◆ DIRECTIONS FOR THIS TASK
Your task is to retype all of the records below with complete accuracy.
>>>
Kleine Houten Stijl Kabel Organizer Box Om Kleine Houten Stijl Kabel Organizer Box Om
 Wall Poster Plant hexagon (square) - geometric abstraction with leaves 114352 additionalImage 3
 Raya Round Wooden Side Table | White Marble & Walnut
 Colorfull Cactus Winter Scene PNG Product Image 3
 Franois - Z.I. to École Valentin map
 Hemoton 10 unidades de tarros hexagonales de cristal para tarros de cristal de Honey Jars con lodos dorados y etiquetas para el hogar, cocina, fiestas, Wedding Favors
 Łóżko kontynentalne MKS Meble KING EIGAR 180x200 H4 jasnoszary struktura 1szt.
<<<
◆ EXERCISE RESULT
Kleine Houten Stijl Kabel Organizer Box Om Kleine Houten Stijl Kabel Organizer Box Om
 Wall Poster Plant hexagon (square) - geometric abstraction with leaves 114352 additionalImage 3
 Raya Round Wooden Side Table | White Marble & Walnut
 Colorfull Cactus Winter Scene PNG Product Image 3
 Franois - Z.I. to École Valentin map
 Hemoton 10 unidades de tarros hexagonales de cristal para tarros de cristal de Honey Jars con lodos dorados y etiquetas para el hogar, cocina, fiestas, Wedding Favors
 Łóżko kontynentalne MKS Meble KING EIGAR 180x200 H4 jasnoszary struktura 1szt.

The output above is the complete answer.